BRIEF: Transcribe every entry word for word. Skip the pictures.

DATASET EXCERPTS:
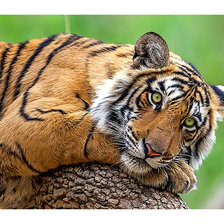 Cross stitch pattern: #2197550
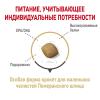 Royal Canin Pomeranian Adult Корм сухой для взрослых собак породы Померанский Шпиц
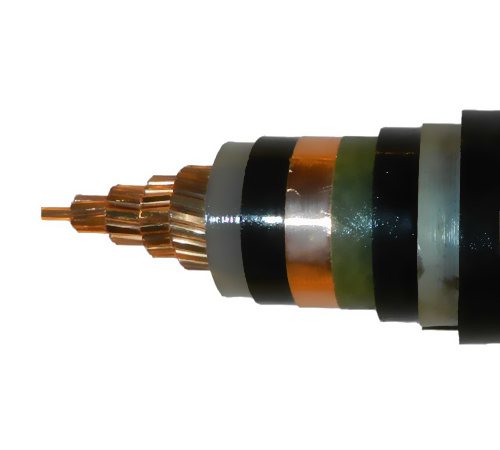 �o(w��)�u�͟���ȼ��|����ɫ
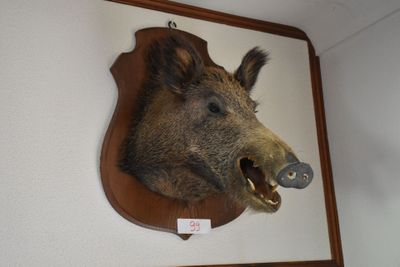 a boar head mounted on the wall of a room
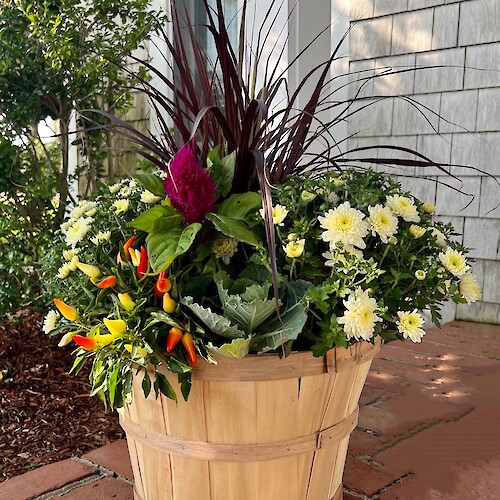 A wooden basket with colorful peppers, white flowers, purple ornamental grass, and green foliage on a brick surface, near a wall.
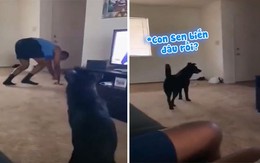 Chú chó giả vờ ngáo ngơ không nhìn thấy chủ ngồi trên ghế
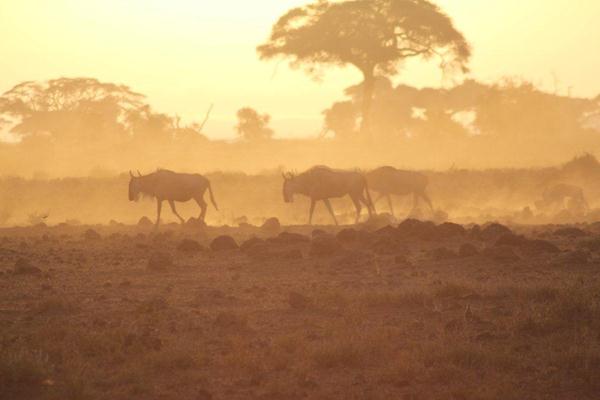Wildebeests at dawn...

WRITTEN SOLUTION:
 Cross stitch pattern: #2197550
 Royal Canin Pomeranian Adult Корм сухой для взрослых собак породы Померанский Шпиц
 �o(w��)�u�͟���ȼ��|����ɫ
 a boar head mounted on the wall of a room
 A wooden basket with colorful peppers, white flowers, purple ornamental grass, and green foliage on a brick surface, near a wall.
 Chú chó giả vờ ngáo ngơ không nhìn thấy chủ ngồi trên ghế
Wildebeests at dawn...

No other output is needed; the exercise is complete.